スロット・マシーン、ポーカーをやっている者達の横を通り抜けていく。……いずれ、これらも自分の手中に収める事を考えていた。
ディーラーの一人に、ヴァシーは会員証を見せる。
「此処の地下に案内しろ」
ディーラーの女は、ヴァシーを地下へと続くエレベーターへと案内する。
地下闘技場。
そこでは、実際の殺し合いに対して、多額の賭け事が行われている。
此処には、MD中のマフィアの幹部達が賭け事に乗っている。

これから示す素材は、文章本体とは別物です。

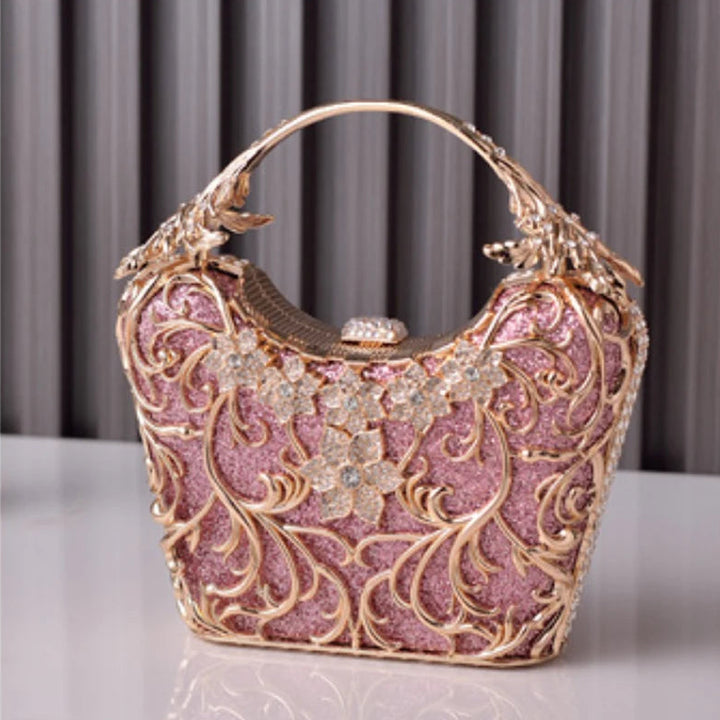 Bolsa de Festa clutch na cor rosa com detalhes dourados com acabamento metálico rendado, alça rígida escultural e aplicação de flores em strass, design exuberante e sofisticado – loja Bolsa Clutch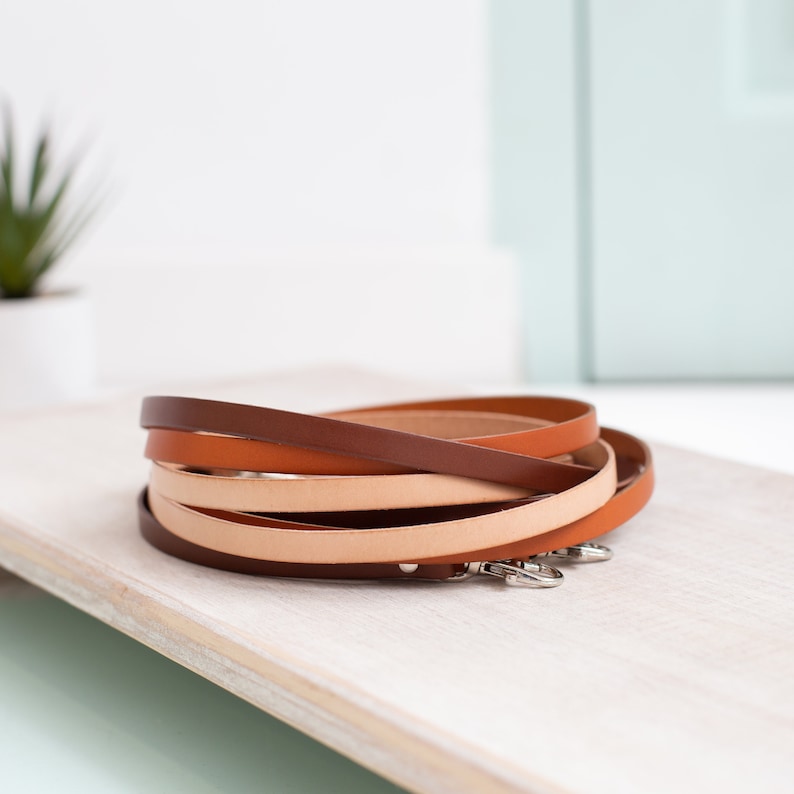 K&ouml;nnte beinhalten: Ein Stapel aus vier Lederriemen in den Farben Braun, Orange und Beige. Die Riemen sind kreisf&ouml;rmig angeordnet und haben silberne Metallschlie&szlig;en.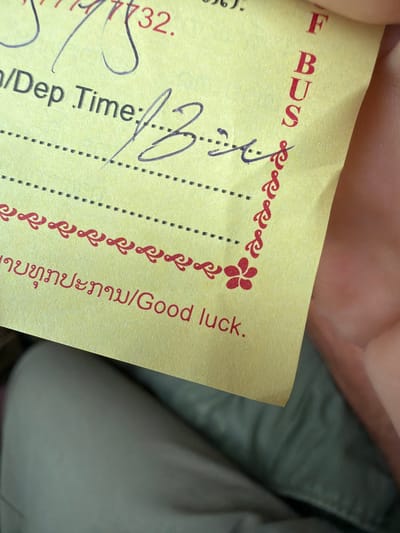The image shows a close-up of a yellow ticket. The ticket has red text on it, including the word "BUS" vertically aligned on the right side. There is also a handwritten entry next to "Dep Time:" that appears to be a signature or time. The bottom of the ticket has a decorative border with a red flower and text in what appears to be Lao script followed by "Good luck." The ticket is held by a person, with a hand and finger visible on the right side. The background is blurry and appears to be fabric, possibly clothing. There is no indication of the specific location within the city of Phakhao, Laos.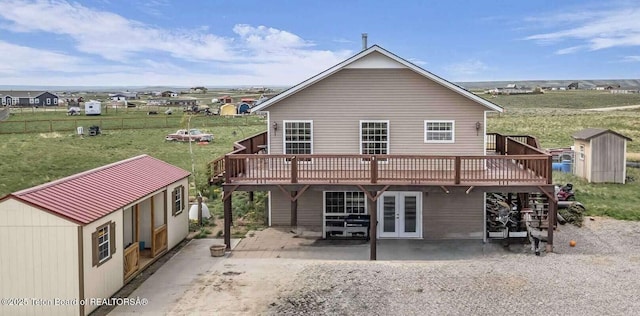 25 Neosha Trl, Boulder, WY 82923 - back of house featuring a patio, a wooden deck, french doors, a yard, and a storage shed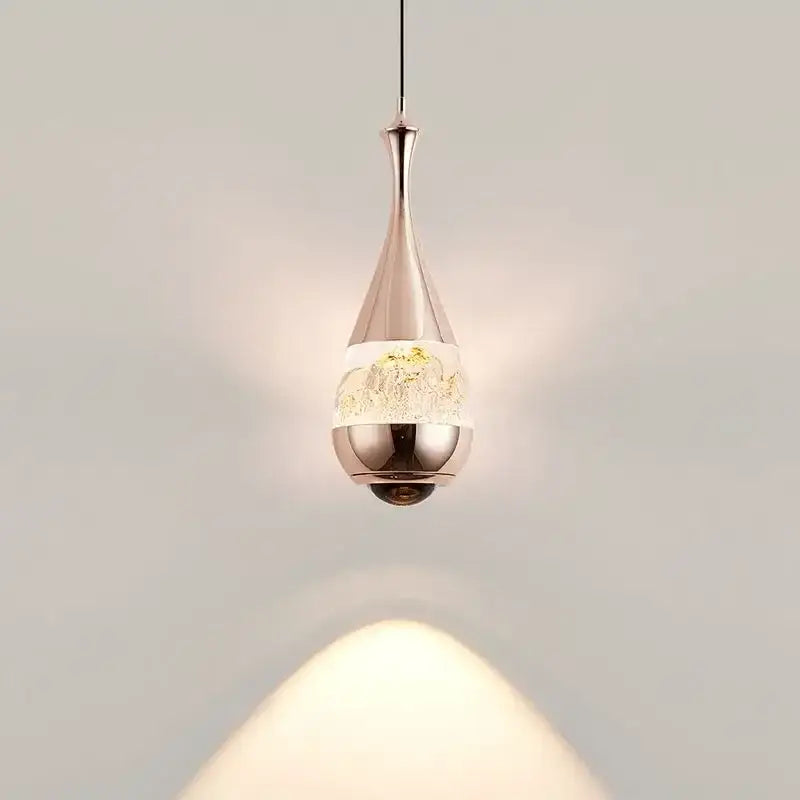 A sleek black mountain glass pendant chandelier with polished chrome and frosted glass for dining room decor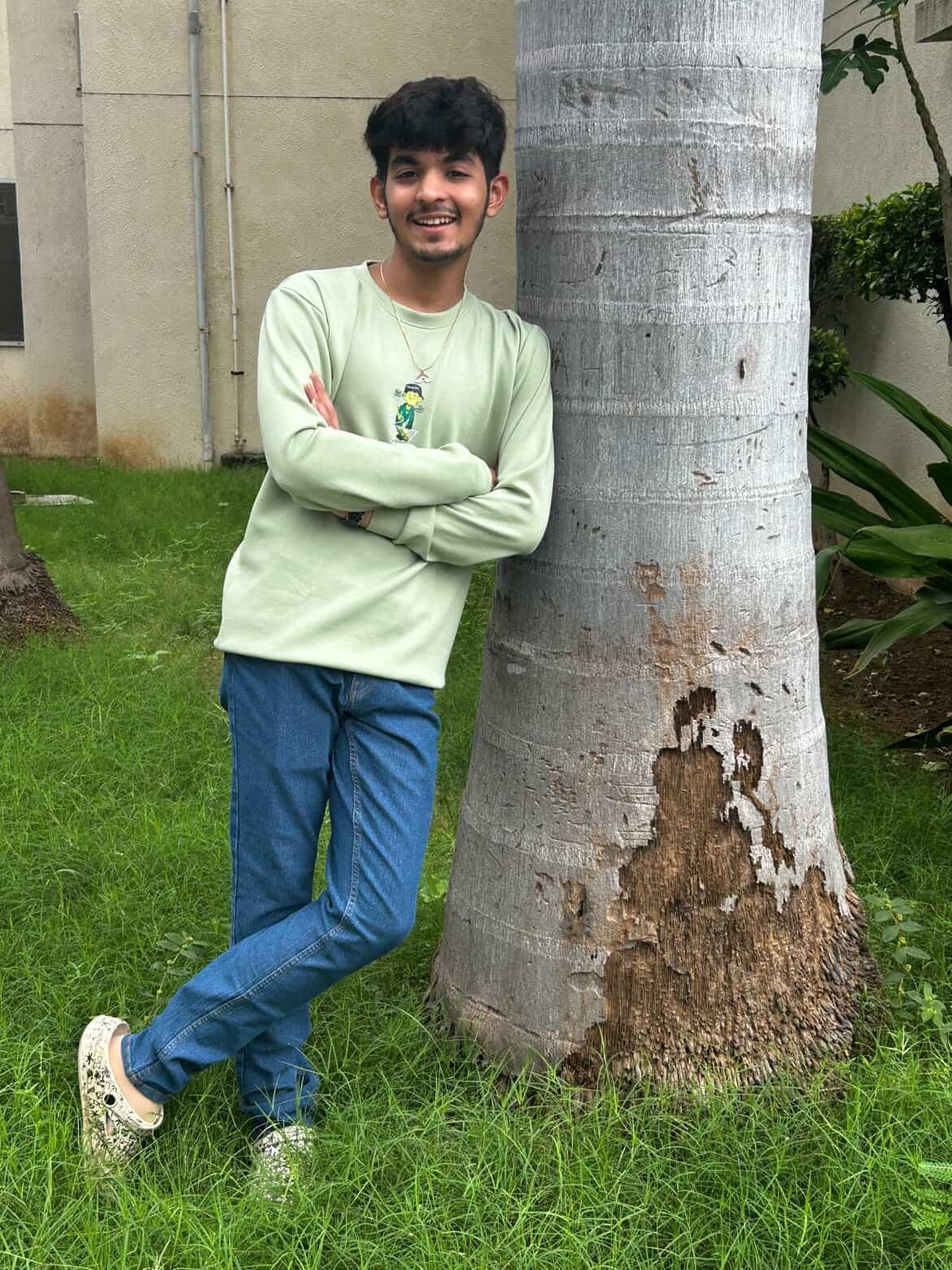 Romil Lodaya in a green sweatshirt, arms crossed, leaning against a palm tree and smiling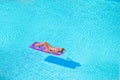 Young woman in bikini air mattress in the big swimming pool Royalty Free Stock Photo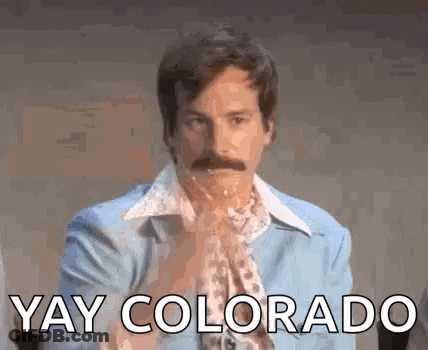 A Man With A Mustache Is Wearing A Blue Suit And A Scarf And Says `` Yay Colorado '' . GIF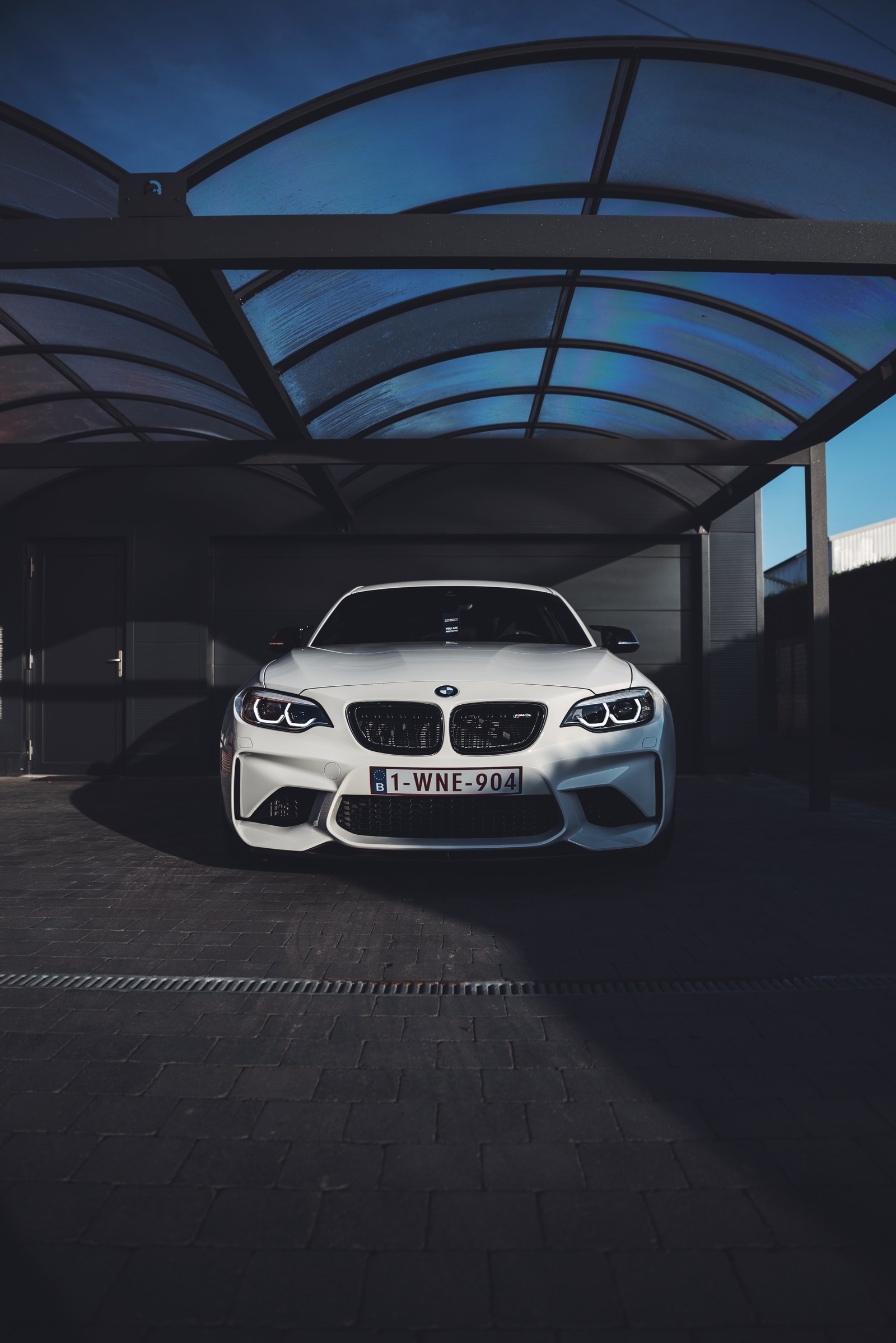 A close up of a white bmw car parked in a garage (grille, bmw m3, bmw m6, sedan, bumper)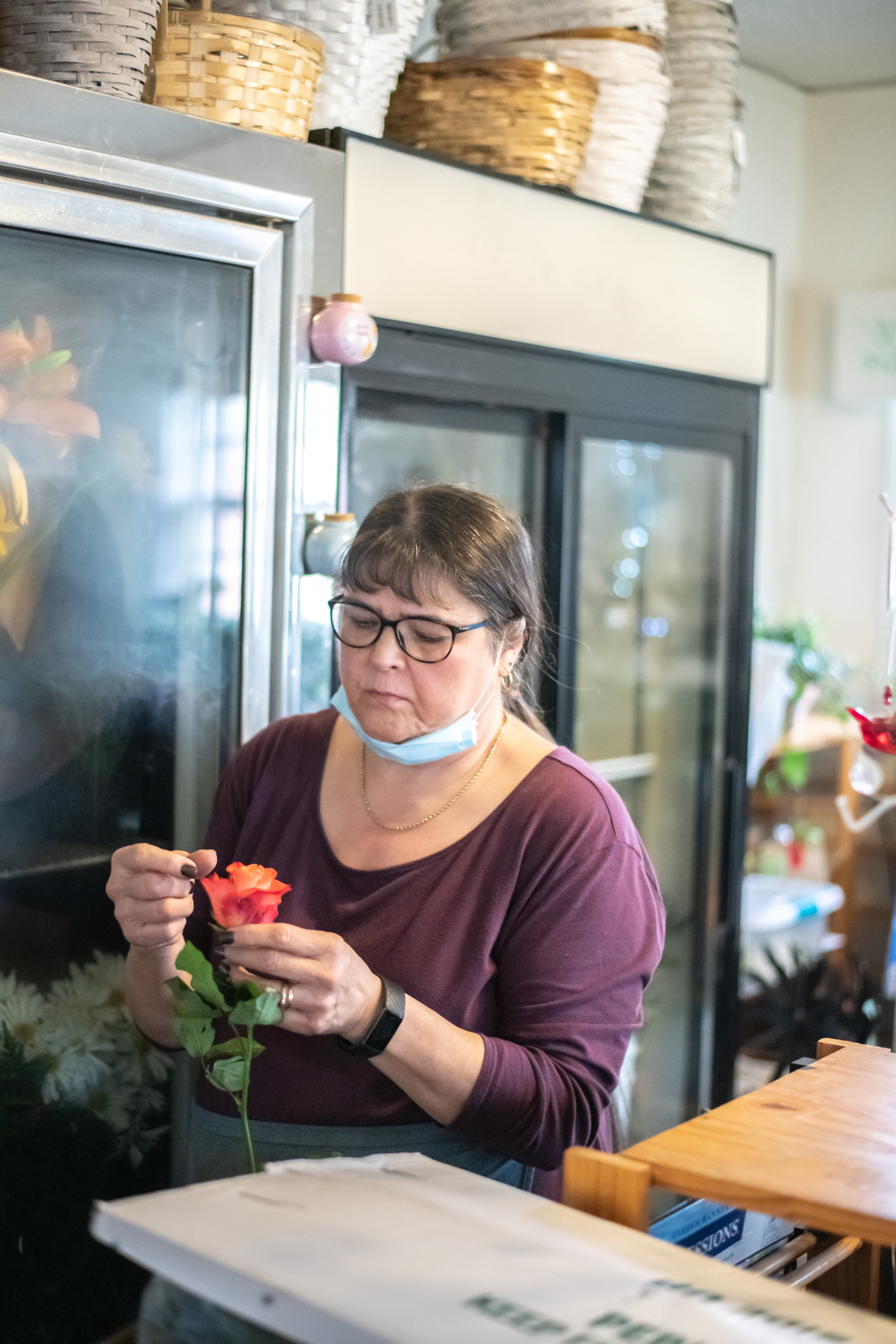 Becky Bevan looks over a flower pulled from the cooler at Always In Bloom Florist in Archdale, N.C. on November 25, 2020.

みな、身元がバレないように仮面を被っていた。
闘技場には、銃火器を持った男と剣を持った男の殺し合いなどが行われていた。互いに借金の返済の為に、この闘技場に立って挑んでいるのだろう。銃火器を持った男は目隠しをされている。剣を手にした男は剣闘士の格好をさせられて、軍服を着せられた銃火器を持った男にじりじり、と近付いていた。歓声は響き渡る。
『殺人道化師』。
それが、アルレッキーノのボスの別名だった。
ムルド・ヴァンスが言うには、とてつもなく不気味な男なのだと聞かされている。ヴァシーレは、ムルドを経由して、他の組織の者達の情報をある程度、集めていた。アルレッキーノのボスは、連合の“ボス会”の集まりの時に、一際、奇抜な格好で現れるのだと。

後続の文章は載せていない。